Starting co-hosting on Airbnb can be a great way to generate extra income. But, before you get started there are some important things that you should know first. In this blog post we will cover: what is co-hosting and how do I become one; what does it mean to manage an Airbnb property and why would someone want to do so; the steps for preparing your Airbnb listing for guests; and the benefits of becoming a successful Airbnb co-host.
What is Co-Hosting and How do I Become One?

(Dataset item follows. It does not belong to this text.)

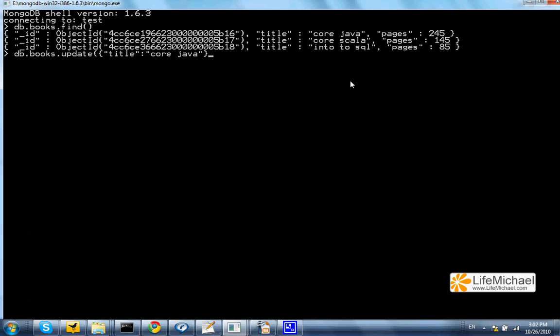Now, the second argument should include as a key the $unset modifier. And as a value, another document that includes the key value pair I want to remove. I want to remove Pages and 245.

Before becoming a co-host, it's important to know what that actually means. Airbnb defines someone who is hosting on behalf of the owner as a "co-host." On Airbnb, hosts are responsible for the process from beginning to end - including staying in contact with the guests upon booking, during their stay and providing them with information on the area. Co-hosts are responsible for being the point of contact from start to finish - including going through check in procedures, scheduling cleaners, providing quality assurance, answering questions about the property or city as needed and staying in touch until they depart.
What Does it Mean to Manage an Airbnb Property and Why Would Someone Want To Do So?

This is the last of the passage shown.